UK court rules government climate plan unlawful

A High Court judge ruled Friday that the UK government acted unlawfully when it approved a plan to meet climate targets without evidence that it could be delivered. It was the second time in two years that the government’s main climate action plan was found to be unlawful and insufficient in meeting legally-binding targets to cut greenhouse gas emissions. Justice Clive Sheldon sided Friday with three environmental groups that brought the case, ruling that the government’s decision to approve its Carbon Budget Delivery Plan last year was “simply not justified by the evidence.” The plan outlined how the U.K. aims to achieve its carbon budgets, including pledges to reduce greenhouse gas emissions by about two-thirds of 1990 levels by 2030 and to reach net zero by 2050. The judge said the details in the draft plan were “vague and unquantified,” and didn’t provide officials with enough information on whether the plan should be approved.

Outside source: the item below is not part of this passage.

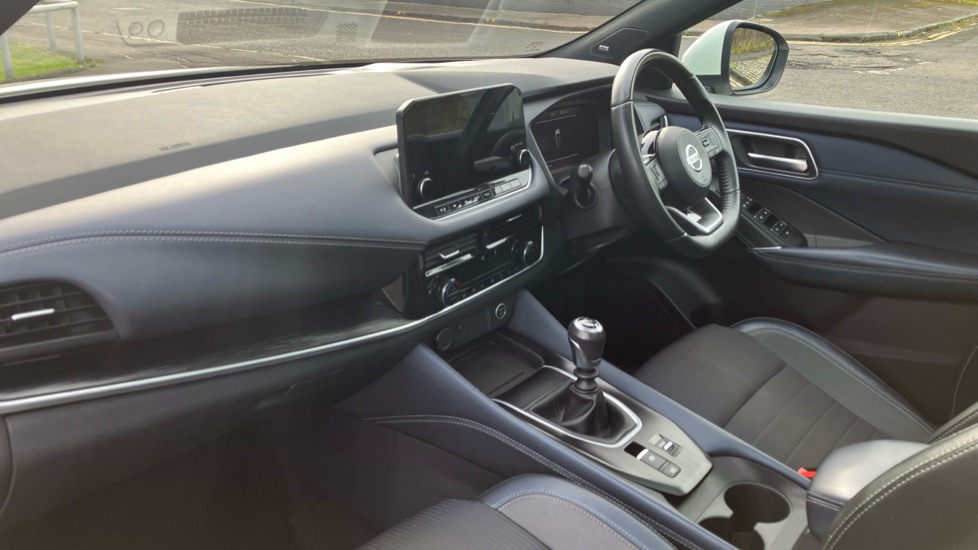 Nissan Qashqai 1.3 DiG-T MH 158 Tekna 5dr Petrol Hatchback - Image 9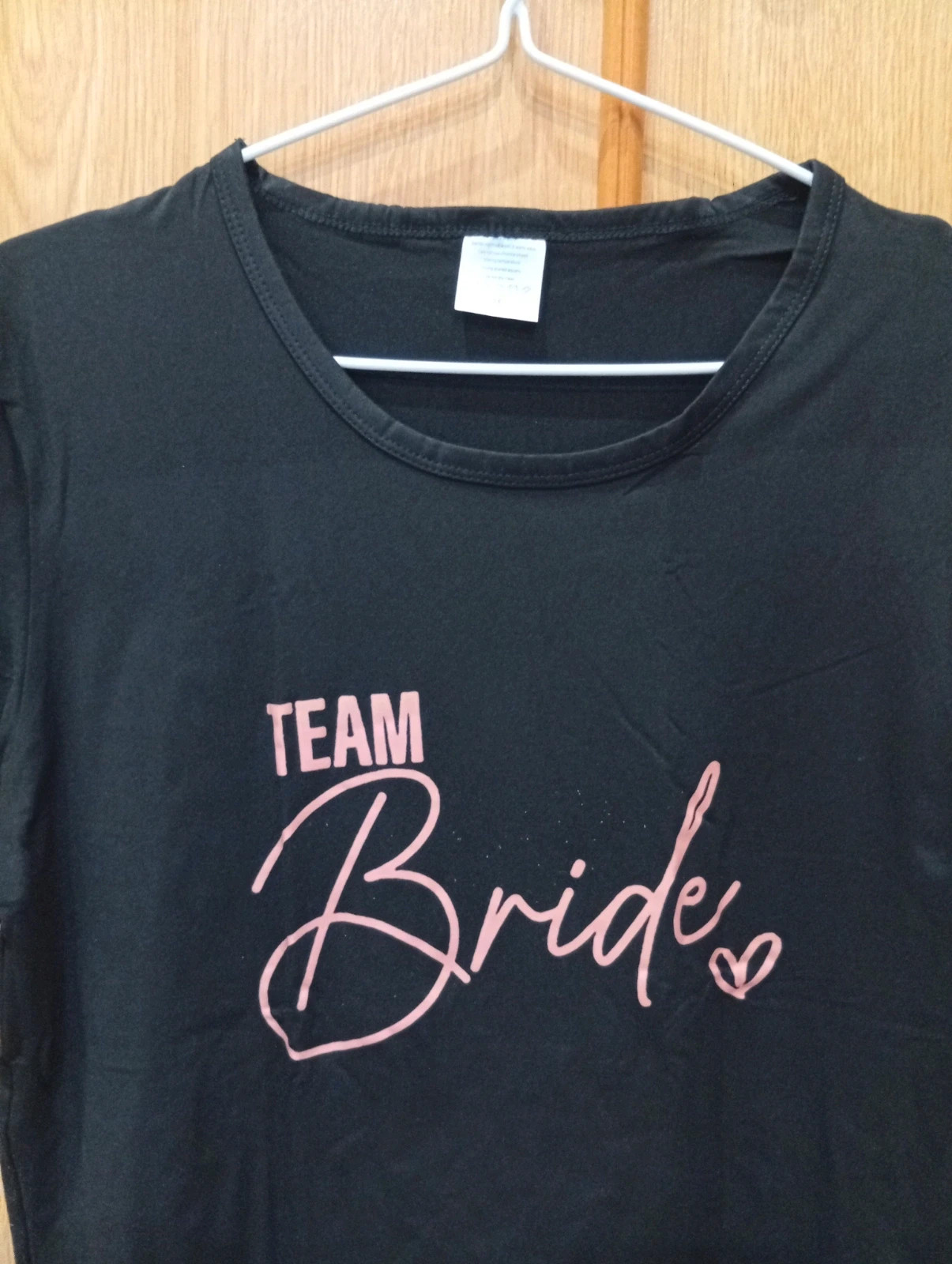 Black Team Bride T-shirt with a pink print size M – Amazon – taille M / 38 / 10 3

Lawyers acting for the environmental organizations told the court that the government failed to share “risk tables,” or information about whether its policies could be implemented, with Parliament and others, meaning the plan couldn’t be properly scrutinized. “The courts have now told the U.K. government not once, but twice, that its climate strategy is not fit for purpose,” said Sam Hunter Jones, a lawyer for the group ClientEarth. “This judgment means the government must now take credible action to address the climate crisis with a plan that can actually be trusted to deliver and with numbers that can be relied on.” The government defended its record on climate change, saying it has set out “more detail than any other G20 country on how we will reach our ambitious carbon budgets,” referring to the Group of 20 leading rich and developing nations. “The claims in this case were largely about process and the judgment contains no criticism of the detailed plans we have in place. We do not believe a court case about process represents the best way of driving progress towards our shared goal of reaching net zero,” it said in a statement. Officials said they would publish a new report within 12 months following the judge’s ruling. Last year, the U.K. government’s own climate advisers, which tracks the country’s progress, said that it was losing confidence in the government’s ability to meet its emission targets, and slammed officials for backtracking on fossil fuel commitments.